News

Update to the Merger and Acquisition Guidelines

The Communiqué on Amendments to the Communiqué No. 2010/4 Concerning Mergers and Acquisitions Requiring the Authorization of the Competition Board (“Communiqué No. 2010/4”) (Communiqué No. 2026/2) (“Amendment Communiqué”) entered into force upon its publication in the Official Gazette dated 11 February 2026. The updated merger and acquisition guidelines, which reflect the practical implications of the amendments introduced by the Amendment Communiqué, were subsequently published by the Turkish Competition Authority on 4 May 2026.

The updates significantly clarify the uncertainties in practice regarding: (i) the application of the three-year rule and turnover calculation methodology for staggered and ancillary transactions, (ii) the scope of the concepts of transaction party and undertaking concerned, (iii) the determination of worldwide and Turkish turnover, (iv) the application of the updated notification thresholds and turnover assessment for technology undertakings, and (v) the assessment of coordination effects that may arise in joint venture transactions.

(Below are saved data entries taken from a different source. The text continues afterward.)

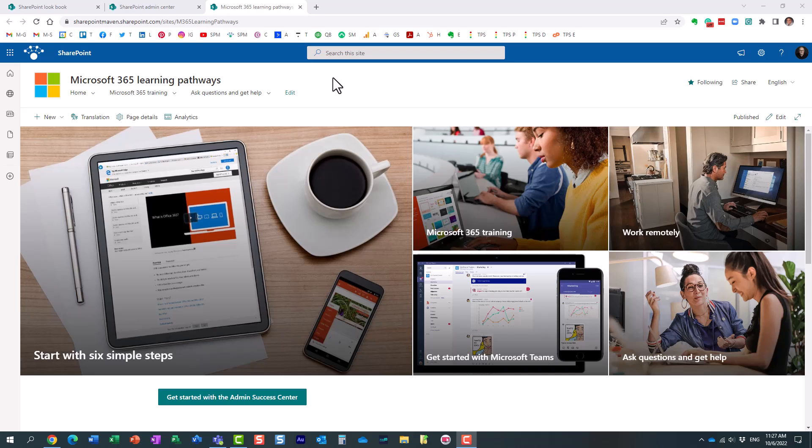Hello, this is Greg from SharePoint Maven, and in today's video, I would like to introduce you to something called Learning Pathways. I'm pretty sure you heard this term already, and let me first explain to you what this is all about, and then I'll explain how to install and configure it in your environment.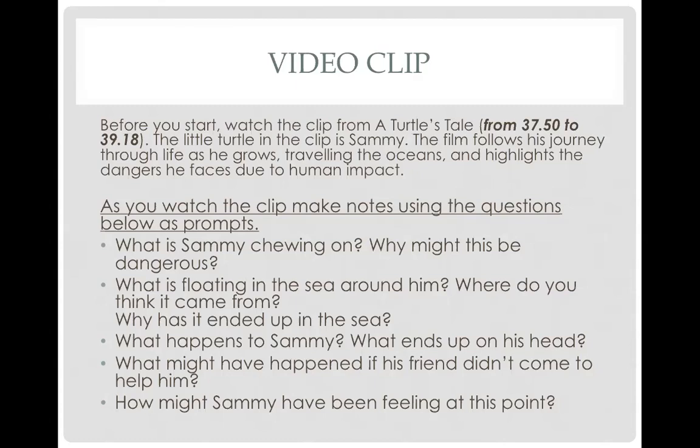What might have happened if his friend didn't come to help him? He was very lucky that his friend was there at the right time and helped him get the bag off. If he wasn't there, he may have suffocated or drowned. How might Sammy have been feeling? He might have been feeling terrified at first — he didn't know what it was, scared for his life. Then once it was over, perhaps he felt a little bit of relief that his friend was able to save him. Once he'd calmed down, I wonder if he would start to feel really angry and cross — because this plastic bag, this rubbish, shouldn't be there. This is his home. So maybe he starts to feel quite cross and angry.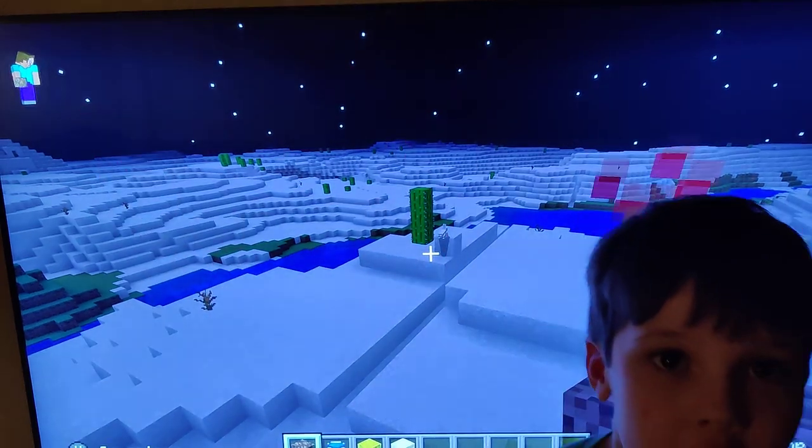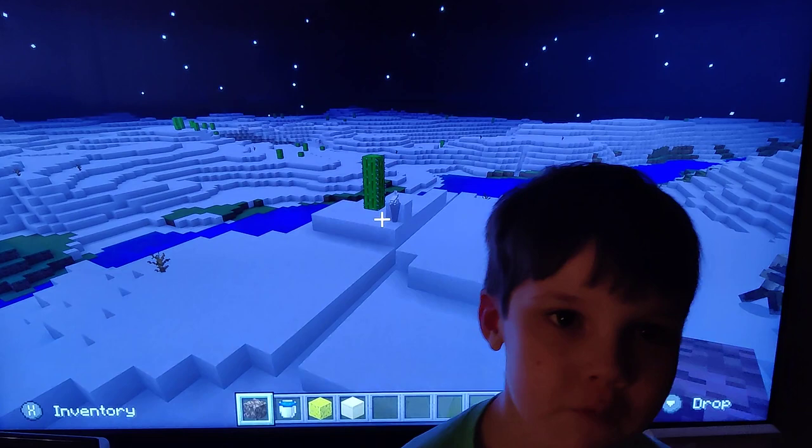Okay, so this is how you make floating water in Minecraft and it's super easy. I wasn't even trying to make it, but then I realized how to make it.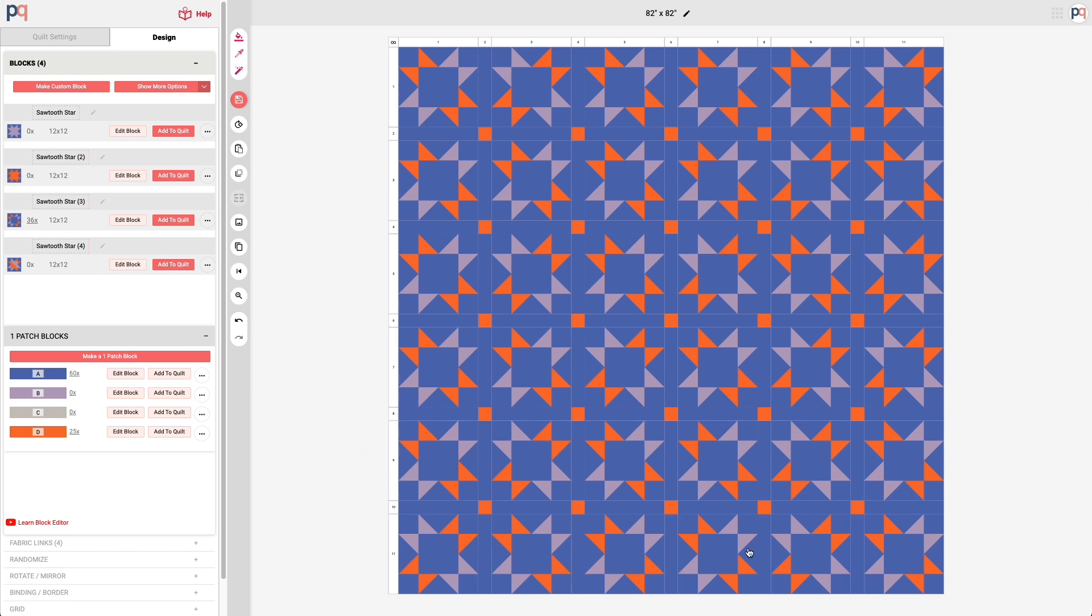Now you can see we have an entire quilt with these beautiful sawtooth star block variations and sashing with cornerstones.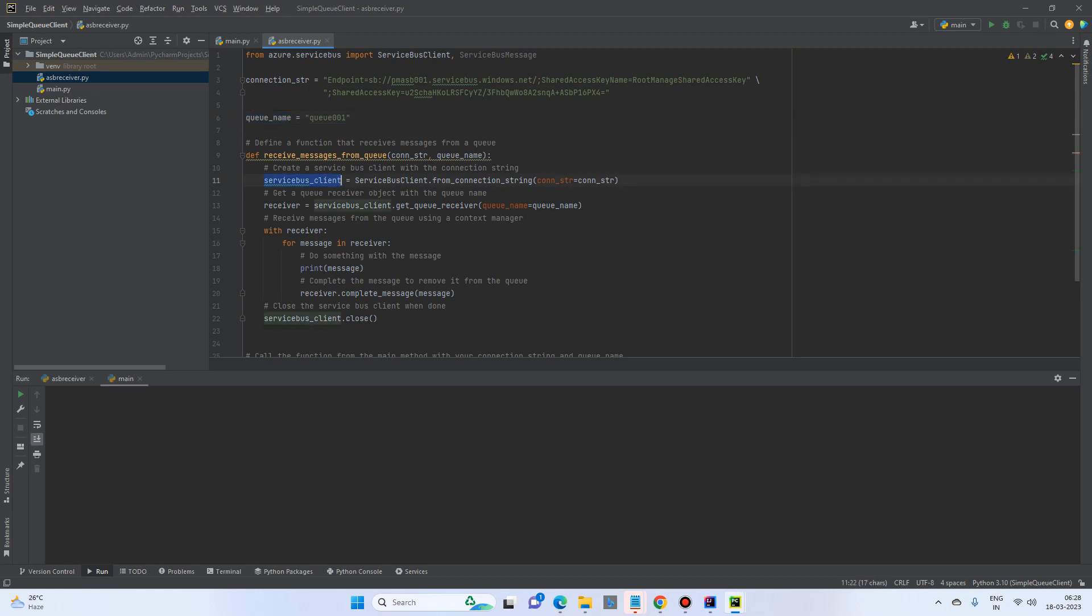First of all, we'll create a service bus client using the service bus client from connection string. And the receiver uses service bus client.get_queue_receiver, passing the queue name, and we get the receiver.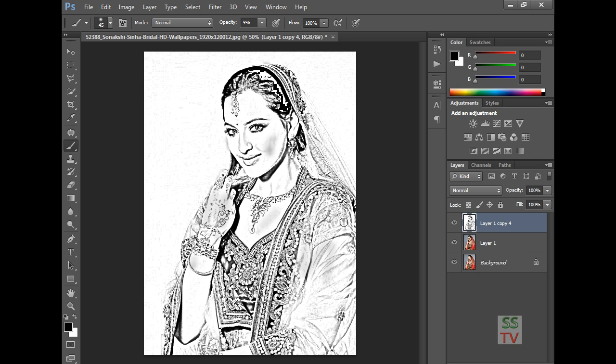And this is how we make a pencil sketch from a normal image. Thank you for watching this video. Please subscribe if you like.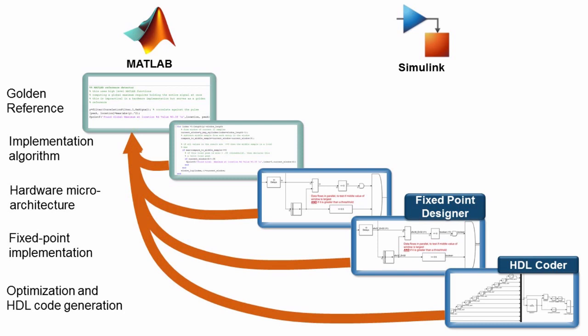So if you're looking to deploy your MATLAB algorithm to an FPGA or ASIC, the best path is to refine and deploy it through Simulink connected back to your MATLAB golden reference.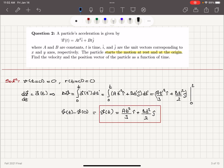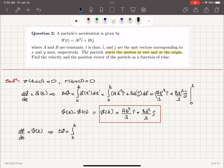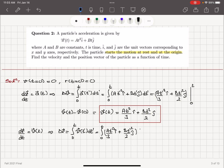Now, velocity is related to the position vector: dr/dt is the rate of change of the position vector with time. Therefore, the displacement Δr is the integral from 0 to t of v(t′) dt′, which is the integral from 0 to t of (a·t′³/3 î + b·t′²/2 ĵ) dt′.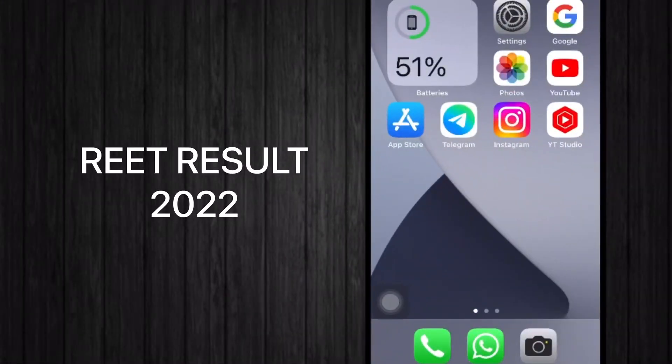In this video I will tell you how to check the online result of REET exam 2022. If you are new to this channel, don't forget to subscribe and press the bell icon for more updates. So let's get started.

i. Guideline on Cases Considered as Merger and Acquisition and the Concept of Control

Pursuant to Article 8(5) of the Communiqué on Mergers and Acquisitions, transactions carried out within a three-year period between the same persons or parties, or by the same undertaking in the same relevant product market, are considered a single transaction for turnover calculation purposes.

The updated Guideline introduces important clarifications regarding the scope of this rule and explicitly states that transactions relating to the establishment of joint ventures shall also fall within the scope of such assessment. Accordingly, where one of the transactions carried out within a three-year period between the same transaction parties or in the same relevant product market concerns the establishment of a joint venture, the relevant transactions may be assessed together for turnover calculation purposes. 

This approach is particularly important for the assessment of notification obligations in consecutive transaction structures. Indeed, a transaction that does not exceed the notification thresholds when assessed on a standalone basis may become subject to the approval of the Competition Board when evaluated together with transactions previously carried out between the same parties or in the same relevant product market. In this respect, the Guideline establishes that transaction parties should also take into account the transactions carried out within the previous three-year period when planning a new transaction.

ii. Guideline on Undertakings Concerned, Turnover and Ancillary Restraints in Mergers and Acquisitions

The amendments introduced in the Guideline mainly aim to harmonise the provisions regarding transaction parties, undertakings concerned and turnover calculation with the Amendment Communiqué. The updates are particularly noteworthy in terms of the threshold system applicable to technology undertakings, joint control transactions and the assessment of multiple transactions as a single transaction. 

  • Beginning of the Three-Year Period in the Assessment of Multiple Transactions as a Single Transaction

The Guideline provides clarification regarding the starting point of the three-year period set out under Article 8(5) of the Communiqué. Accordingly, it is stated that the relevant three-year period to be taken into account in the assessment of transactions as a single transaction shall be calculated from the date on which the relevant merger or acquisition notification is entered into the records of the Competition Authority.

  • Definitions of Transaction Party and Undertaking Concerned

The concepts of transaction party and undertaking concerned have been updated in line with the Amendment Communiqué. For acquisition transactions, the buyer side is deemed to include the entire economic unit to which the acquirer belongs, whereas the target side consists of the target undertaking and the economic units controlled by such undertaking. 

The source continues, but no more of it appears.